**Required action**
Gather all lines in the data that hold the string "Black".

(Provided data begins)

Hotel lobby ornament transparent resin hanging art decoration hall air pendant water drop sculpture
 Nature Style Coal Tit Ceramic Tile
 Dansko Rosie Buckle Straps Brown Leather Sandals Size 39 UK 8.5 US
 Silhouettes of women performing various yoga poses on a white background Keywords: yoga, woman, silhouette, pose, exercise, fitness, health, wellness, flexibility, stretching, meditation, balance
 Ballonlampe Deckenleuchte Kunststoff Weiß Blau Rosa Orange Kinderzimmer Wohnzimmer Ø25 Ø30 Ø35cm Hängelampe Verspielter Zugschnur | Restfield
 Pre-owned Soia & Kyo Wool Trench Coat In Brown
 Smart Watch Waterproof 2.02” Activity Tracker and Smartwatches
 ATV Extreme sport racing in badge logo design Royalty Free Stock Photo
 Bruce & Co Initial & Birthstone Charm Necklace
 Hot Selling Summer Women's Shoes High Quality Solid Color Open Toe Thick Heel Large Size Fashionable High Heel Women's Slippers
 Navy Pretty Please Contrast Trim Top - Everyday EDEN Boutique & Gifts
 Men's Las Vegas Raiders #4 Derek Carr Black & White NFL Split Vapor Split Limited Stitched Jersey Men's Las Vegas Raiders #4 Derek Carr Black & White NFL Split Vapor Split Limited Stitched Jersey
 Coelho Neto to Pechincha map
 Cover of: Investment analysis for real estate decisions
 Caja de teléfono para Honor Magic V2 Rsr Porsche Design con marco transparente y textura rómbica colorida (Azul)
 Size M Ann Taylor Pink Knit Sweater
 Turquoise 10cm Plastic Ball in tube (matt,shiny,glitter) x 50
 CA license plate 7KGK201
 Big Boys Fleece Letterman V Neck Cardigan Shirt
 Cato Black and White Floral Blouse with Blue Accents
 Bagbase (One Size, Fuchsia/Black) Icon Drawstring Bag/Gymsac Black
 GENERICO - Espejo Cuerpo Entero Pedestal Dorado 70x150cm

(Provided data ends)

**Exercise output**
 Men's Las Vegas Raiders #4 Derek Carr Black & White NFL Split Vapor Split Limited Stitched Jersey Men's Las Vegas Raiders #4 Derek Carr Black & White NFL Split Vapor Split Limited Stitched Jersey
 Cato Black and White Floral Blouse with Blue Accents
 Bagbase (One Size, Fuchsia/Black) Icon Drawstring Bag/Gymsac Black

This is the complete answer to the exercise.